SANTA, CLARA, Calif. - Open-source EDA takes a leap forward this week as CynApps, a system-level design language startup founded by EDA veteran John Sanguinetti, makes its Cynlib C++ class library freely available from a company Web site. CynApps has also revealed that it is close to announcing a C++-to-Verilog compiler for synthesis tools.

"We want to promote Cynlib as a standard," said Sanguinetti. "If we put it out in the normal way, and licensed it for a fee, people would say they could do the same thing and do their own. Some would succeed, and we'd fragment the industry."

CynApps does, of course, need to make money, and the company intends to do so by building and selling a "hardware design environment for C++," Sanguinetti said. In late September, the company plans to roll out a compiler that will bridge the gap between C++ and the Verilog subset needed for synthesis.

CynApps may, however, be heading for competition with Synopsys in the C++ arena. According to reports in the E-Mail Synopsys User's Group, Synopsys privately demonstrated a C/C++ synthesis environment called "Scenery" at the Design Automation Conference in June.

Cynlib and Scenery clash?

Brian Barrera, strategic marketing director for system-level design at Synopsys, declined to comment directly on Scenery, but he reiterated Synopsys' viewpoint that C++ is the "only realistic candidate" for a system-level design language.

Cynlib, announced in June, is a class library that lets users describe hardware features in C++. It includes a fast, cycle-accurate simulation kernel, making it possible to simulate down to the register-transfer level using nothing more than Cynlib and the free GNU C++ compiler.

The startup's open-source approach claims endorsements from several companies, including Magma Design Automation, SureFire Verification, Apple Computer and Sun Microsystems.

SureFire itself has had a successful experience with its open-source Verilog EMACS editor.
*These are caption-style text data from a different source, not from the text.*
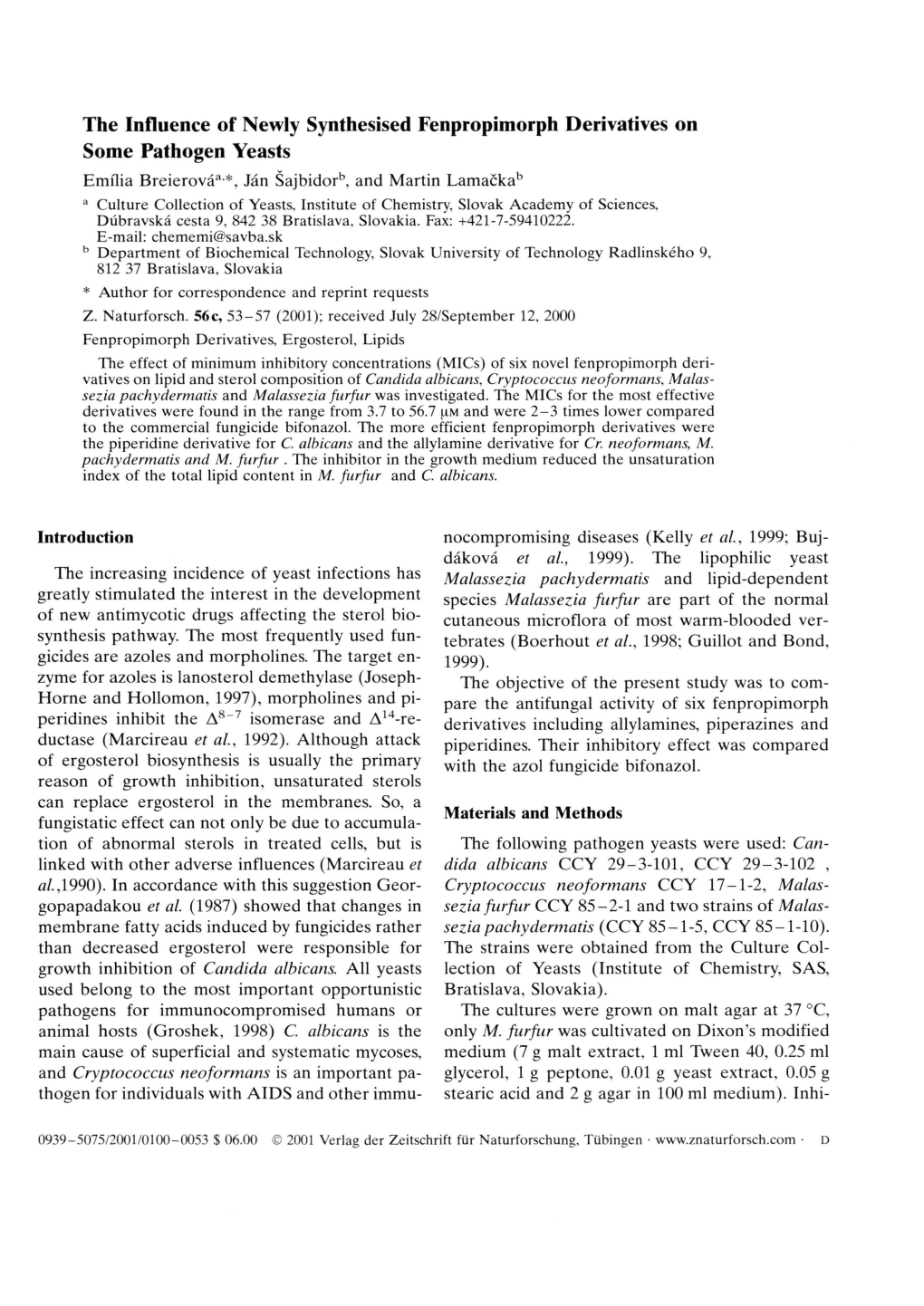 The Influence of Newly Synthesised Fenpropimorph Derivatives on Some Pathogen Yeasts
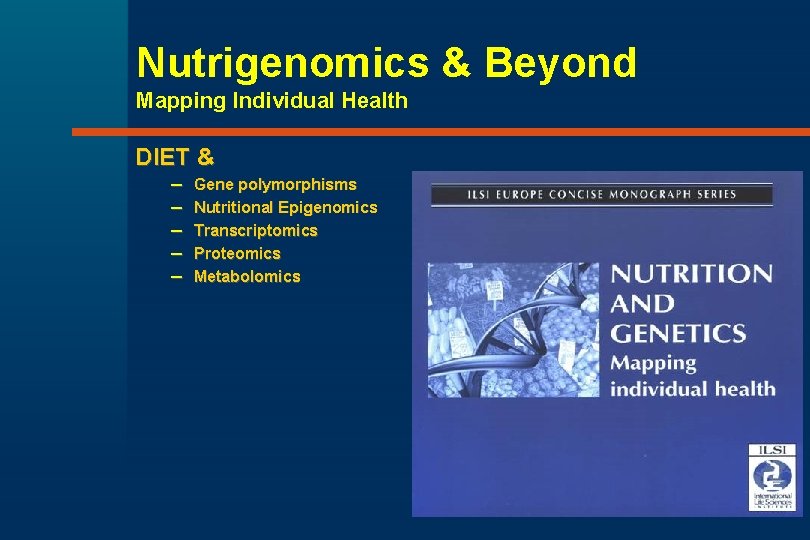 Nutrigenomics & Beyond Mapping Individual Health DIET & – – – Gene polymorphisms Nutritional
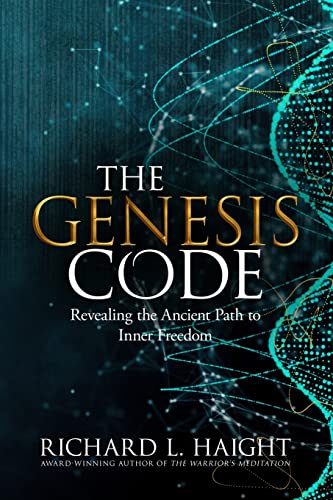 The Genesis Code: Revealing the Ancient Path to Inner Freedom von Shinkaikan Body, Mind, Spirit LLC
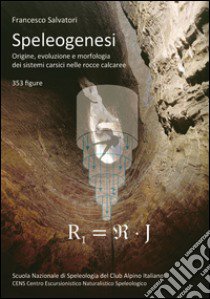 Speleogenesi. Origine, evoluzione e morfologia dei sistemi carsici nelle rocce calcaree libro di Salvatori Francesco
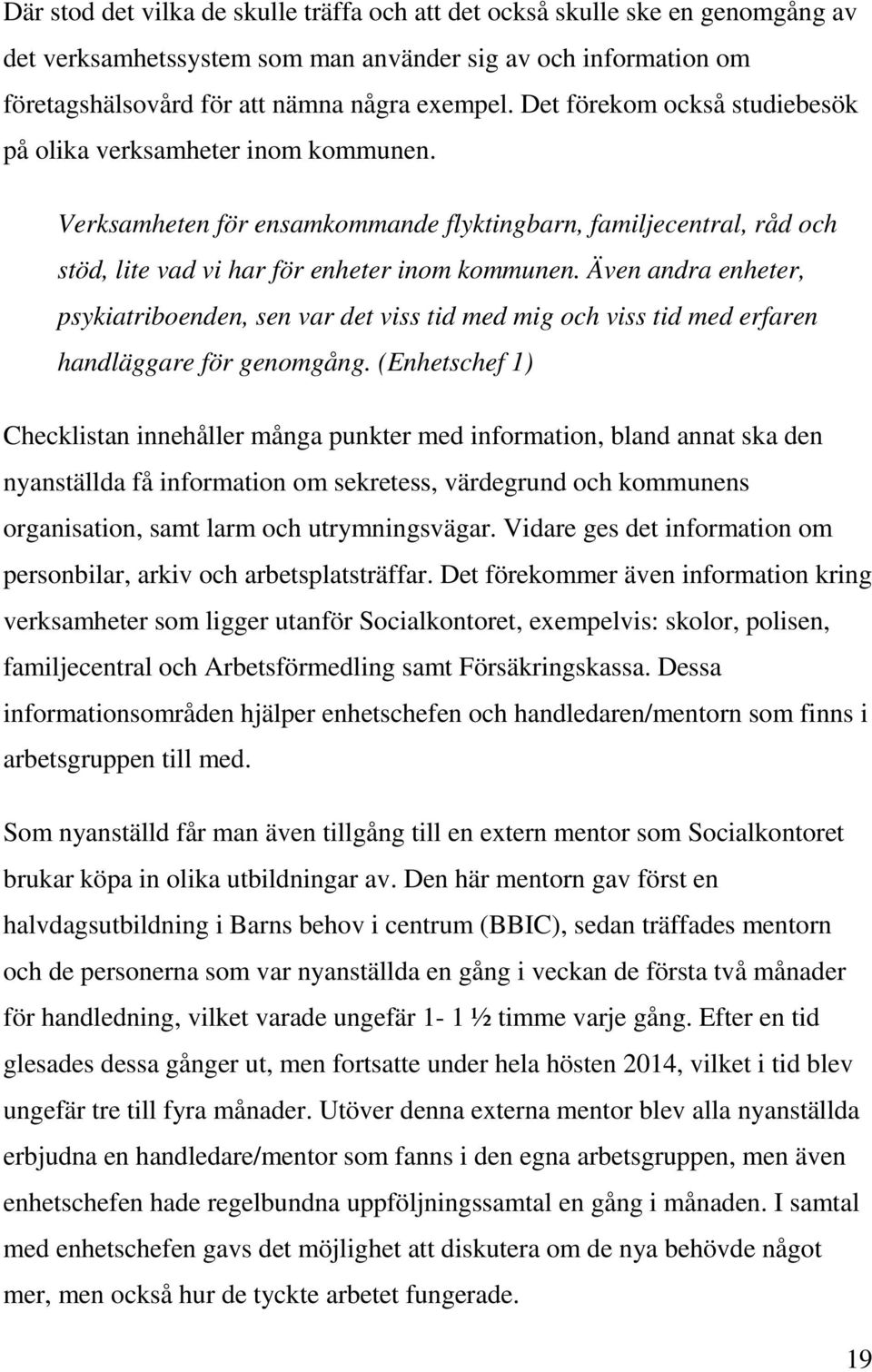 Även andra enheter, psykiatriboenden, sen var det viss tid med mig och viss tid med erfaren handläggare för genomgång.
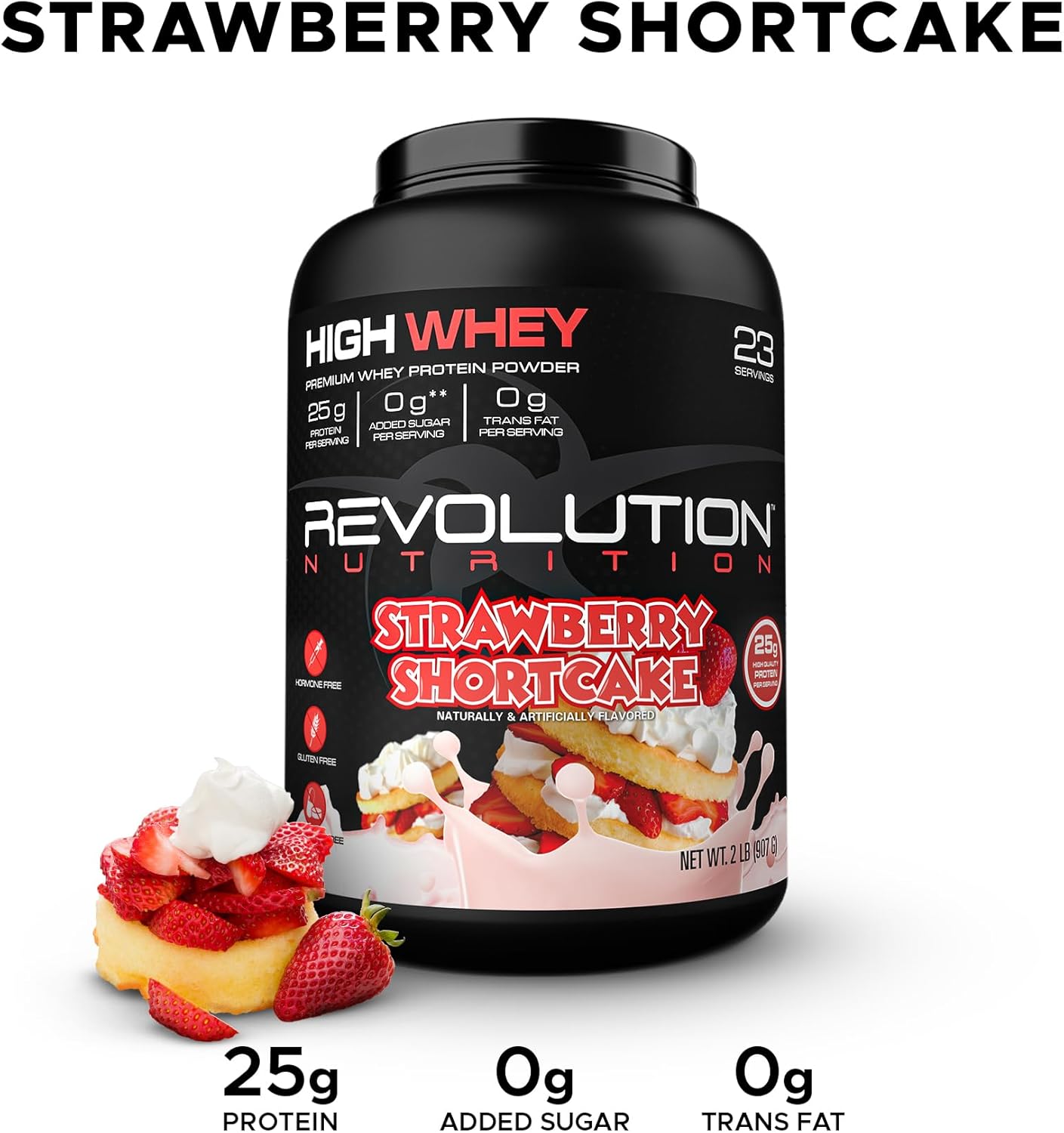 Revolution Nutrition High Whey Isolate Protein Powder, Gluten Free, Lean Muscle Mass Builder, 25g Protein, 908g, 24 Servings - Strawberry Shortcake, 2lb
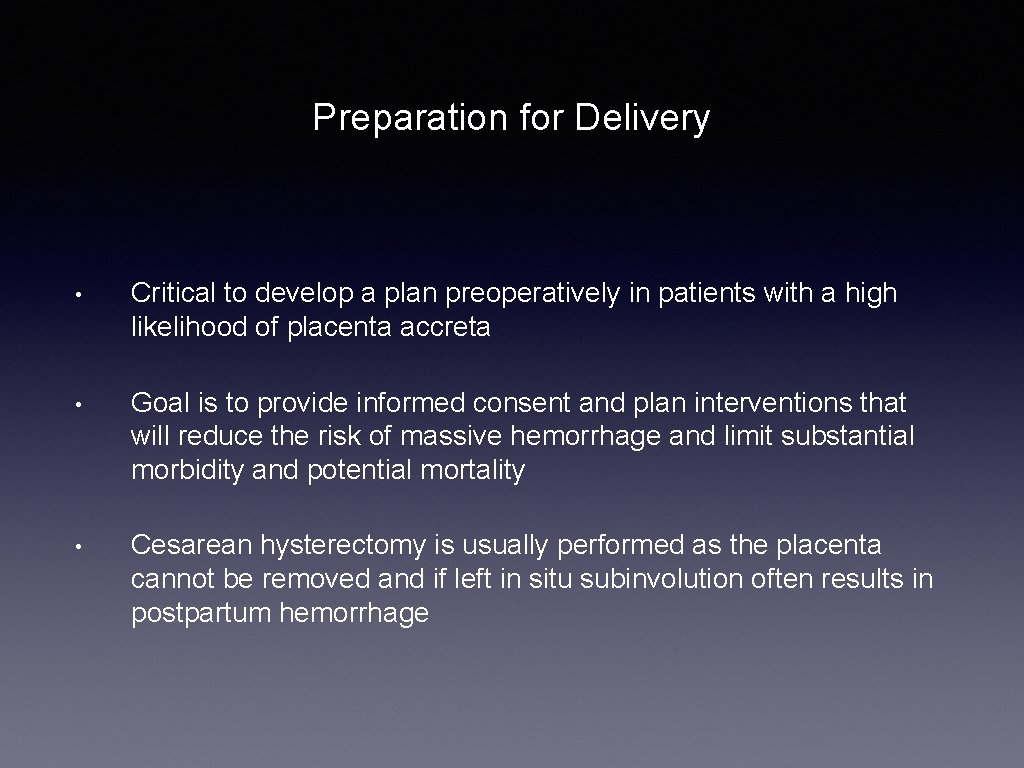 Preparation for Delivery • Critical to develop a plan preoperatively in patients with a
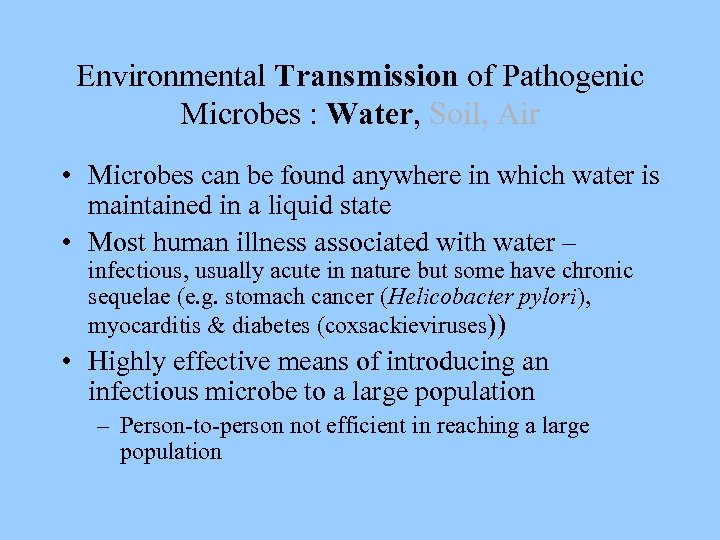 Environmental Transmission of Pathogenic Microbes : Water, Soil, Air • Microbes can be found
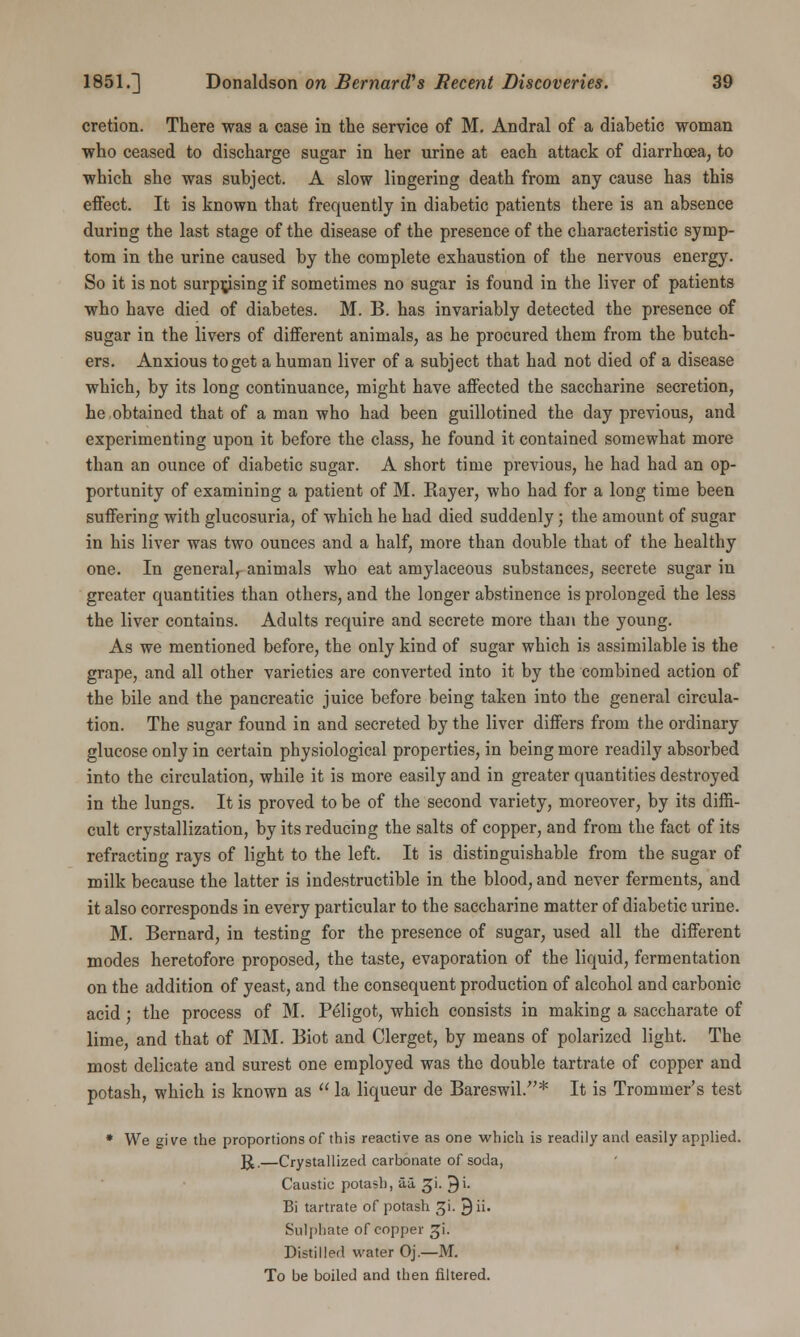 cretion. There was a case in the service of M. Andral of a diabetic woman who ceased to discharge sugar in her urine at each attack of diarrhoea, to which she was subject. A slow lingering death from any cause has this effect. It is known that frequently in diabetic patients there is an absence during the last stage of the disease of the presence of the characteristic symp- tom in the urine caused by the complete exhaustion of the nervous energy. So it is not surprising if sometimes no sugar is found in the liver of patients who have died of diabetes. M. B. has invariably detected the presence of sugar in the livers of different animals, as he procured them from the butch- ers. Anxious to get a human liver of a subject that had not died of a disease which, by its long continuance, might have affected the saccharine secretion, he obtained that of a man who had been guillotined the day previous, and experimenting upon it before the class, he found it contained somewhat more than an ounce of diabetic sugar. A short time previous, he had had an op- portunity of examining a patient of M. Bayer, who had for a long time been suffering with glucosuria, of which he had died suddenly; the amount of sugar in his liver was two ounces and a half, more than double that of the healthy one. In general, animals who eat amylaceous substances, secrete sugar in greater quantities than others, and the longer abstinence is prolonged the less the liver contains. Adults require and secrete more than the young. As we mentioned before, the only kind of sugar which is assimilable is the grape, and all other varieties are converted into it by the combined action of the bile and the pancreatic juice before being taken into the general circula- tion. The sugar found in and secreted by the liver differs from the ordinary glucose only in certain physiological properties, in being more readily absorbed into the circulation, while it is more easily and in greater quantities destroyed in the lungs. It is proved to be of the second variety, moreover, by its diffi- cult crystallization, by its reducing the salts of copper, and from the fact of its refracting rays of light to the left. It is distinguishable from the sugar of milk because the latter is indestructible in the blood, and never ferments, and it also corresponds in every particular to the saccharine matter of diabetic urine. M. Bernard, in testing for the presence of sugar, used all the different modes heretofore proposed, the taste, evaporation of the liquid, fermentation on the addition of yeast, and the consequent production of alcohol and carbonic acid; the process of M. Peligot, which consists in making a saccharate of lime, and that of MM. Biot and Clerget, by means of polarized light. The most delicate and surest one employed was the double tartrate of copper and potash, which is known as  la liqueur de Bareswil.* It is Trommer's test * We give the proportions of this reactive as one which is readily and easily applied. ]£.—Crystallized carbonate of soda, Caustic potash, aa. gi. ^i. Bi tartrate of potash gi. Q ii. Sulphate of copper ^i. Distilled water Oj.—M. To be boiled and then filtered.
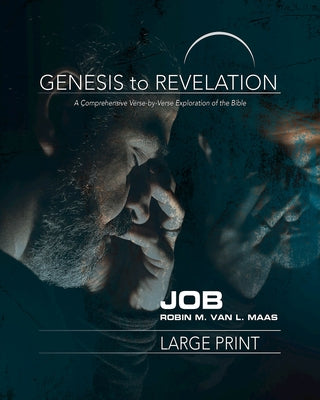Genesis to Revelation: Job Participant Book: A Comprehensive Verse-By-Verse Exploration of the Bible by Maas, Robin M. Van L.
The company also makes a Verilog preprocessor available at from its site.

Cynlib will be made available under terms very similar to the Netscape Mozilla Public License model, Sanguinetti said. Under these terms, users can download, use and modify the source code as they see fit. Users cannot modify the class library and resell it, but they can use it to build models that are compiled and sold.Those terms are very close to the GNU Public License, Sanguinetti said, although they go a little further by allowing users to link proprietary code with the library.